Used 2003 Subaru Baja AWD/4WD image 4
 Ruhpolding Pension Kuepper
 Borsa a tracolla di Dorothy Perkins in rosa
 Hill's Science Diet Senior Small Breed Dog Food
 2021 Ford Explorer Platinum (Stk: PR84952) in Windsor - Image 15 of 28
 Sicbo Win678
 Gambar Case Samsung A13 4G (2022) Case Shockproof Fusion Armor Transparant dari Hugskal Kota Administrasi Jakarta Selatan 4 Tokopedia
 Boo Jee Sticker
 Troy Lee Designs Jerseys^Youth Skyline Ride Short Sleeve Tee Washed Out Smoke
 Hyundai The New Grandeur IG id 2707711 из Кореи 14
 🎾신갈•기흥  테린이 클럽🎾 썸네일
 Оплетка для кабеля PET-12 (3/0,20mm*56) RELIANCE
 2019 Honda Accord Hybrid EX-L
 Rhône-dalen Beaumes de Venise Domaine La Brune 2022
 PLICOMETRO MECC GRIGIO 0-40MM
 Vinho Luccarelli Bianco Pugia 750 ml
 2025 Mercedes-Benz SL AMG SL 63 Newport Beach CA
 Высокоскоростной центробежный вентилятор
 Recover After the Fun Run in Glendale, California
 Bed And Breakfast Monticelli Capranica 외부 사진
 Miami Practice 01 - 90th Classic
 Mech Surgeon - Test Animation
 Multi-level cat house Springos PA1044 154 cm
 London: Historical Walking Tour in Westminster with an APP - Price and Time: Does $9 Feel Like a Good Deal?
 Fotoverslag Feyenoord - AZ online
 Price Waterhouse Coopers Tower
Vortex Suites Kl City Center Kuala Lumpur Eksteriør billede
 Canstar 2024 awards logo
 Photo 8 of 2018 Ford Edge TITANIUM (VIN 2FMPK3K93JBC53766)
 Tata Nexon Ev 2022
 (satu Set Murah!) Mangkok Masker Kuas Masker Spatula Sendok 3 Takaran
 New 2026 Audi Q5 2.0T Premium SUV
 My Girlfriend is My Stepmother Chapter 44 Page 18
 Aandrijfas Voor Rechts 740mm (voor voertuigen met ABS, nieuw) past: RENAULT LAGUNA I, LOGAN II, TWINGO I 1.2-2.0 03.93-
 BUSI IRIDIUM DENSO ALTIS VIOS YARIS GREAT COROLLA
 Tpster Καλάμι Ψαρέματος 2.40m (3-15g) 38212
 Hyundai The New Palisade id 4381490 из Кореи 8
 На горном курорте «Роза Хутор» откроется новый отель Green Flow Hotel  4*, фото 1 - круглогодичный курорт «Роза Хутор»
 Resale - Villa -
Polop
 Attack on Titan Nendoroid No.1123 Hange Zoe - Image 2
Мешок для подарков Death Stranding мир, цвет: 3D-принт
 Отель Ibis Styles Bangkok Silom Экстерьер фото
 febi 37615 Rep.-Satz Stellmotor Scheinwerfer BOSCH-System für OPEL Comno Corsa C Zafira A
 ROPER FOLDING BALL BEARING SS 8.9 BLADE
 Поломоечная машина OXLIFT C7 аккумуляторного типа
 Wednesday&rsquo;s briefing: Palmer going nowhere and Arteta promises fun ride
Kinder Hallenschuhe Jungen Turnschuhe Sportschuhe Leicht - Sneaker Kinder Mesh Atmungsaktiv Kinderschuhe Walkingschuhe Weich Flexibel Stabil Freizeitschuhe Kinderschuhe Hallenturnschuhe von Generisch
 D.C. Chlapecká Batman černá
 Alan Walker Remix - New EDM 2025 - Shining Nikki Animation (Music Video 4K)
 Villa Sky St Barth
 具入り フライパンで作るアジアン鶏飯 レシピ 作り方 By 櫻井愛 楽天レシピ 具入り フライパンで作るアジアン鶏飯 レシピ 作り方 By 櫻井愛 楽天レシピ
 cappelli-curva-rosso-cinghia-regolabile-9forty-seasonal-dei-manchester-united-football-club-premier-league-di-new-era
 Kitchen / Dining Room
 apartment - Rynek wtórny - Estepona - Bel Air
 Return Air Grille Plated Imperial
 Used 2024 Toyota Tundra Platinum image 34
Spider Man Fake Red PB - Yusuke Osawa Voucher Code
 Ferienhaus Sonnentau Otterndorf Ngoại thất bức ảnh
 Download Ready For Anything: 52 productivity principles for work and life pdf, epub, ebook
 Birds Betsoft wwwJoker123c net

• [EXERCISE DETAILS]:
Please retype, with no changes, the lines that run from the first line of the entries to the line with "My Girlfriend is", both ends included.

• [EXPECTED OUTPUT]:
Used 2003 Subaru Baja AWD/4WD image 4
 Ruhpolding Pension Kuepper
 Borsa a tracolla di Dorothy Perkins in rosa
 Hill's Science Diet Senior Small Breed Dog Food
 2021 Ford Explorer Platinum (Stk: PR84952) in Windsor - Image 15 of 28
 Sicbo Win678
 Gambar Case Samsung A13 4G (2022) Case Shockproof Fusion Armor Transparant dari Hugskal Kota Administrasi Jakarta Selatan 4 Tokopedia
 Boo Jee Sticker
 Troy Lee Designs Jerseys^Youth Skyline Ride Short Sleeve Tee Washed Out Smoke
 Hyundai The New Grandeur IG id 2707711 из Кореи 14
 🎾신갈•기흥  테린이 클럽🎾 썸네일
 Оплетка для кабеля PET-12 (3/0,20mm*56) RELIANCE
 2019 Honda Accord Hybrid EX-L
 Rhône-dalen Beaumes de Venise Domaine La Brune 2022
 PLICOMETRO MECC GRIGIO 0-40MM
 Vinho Luccarelli Bianco Pugia 750 ml
 2025 Mercedes-Benz SL AMG SL 63 Newport Beach CA
 Высокоскоростной центробежный вентилятор
 Recover After the Fun Run in Glendale, California
 Bed And Breakfast Monticelli Capranica 외부 사진
 Miami Practice 01 - 90th Classic
 Mech Surgeon - Test Animation
 Multi-level cat house Springos PA1044 154 cm
 London: Historical Walking Tour in Westminster with an APP - Price and Time: Does $9 Feel Like a Good Deal?
 Fotoverslag Feyenoord - AZ online
 Price Waterhouse Coopers Tower
Vortex Suites Kl City Center Kuala Lumpur Eksteriør billede
 Canstar 2024 awards logo
 Photo 8 of 2018 Ford Edge TITANIUM (VIN 2FMPK3K93JBC53766)
 Tata Nexon Ev 2022
 (satu Set Murah!) Mangkok Masker Kuas Masker Spatula Sendok 3 Takaran
 New 2026 Audi Q5 2.0T Premium SUV
 My Girlfriend is My Stepmother Chapter 44 Page 18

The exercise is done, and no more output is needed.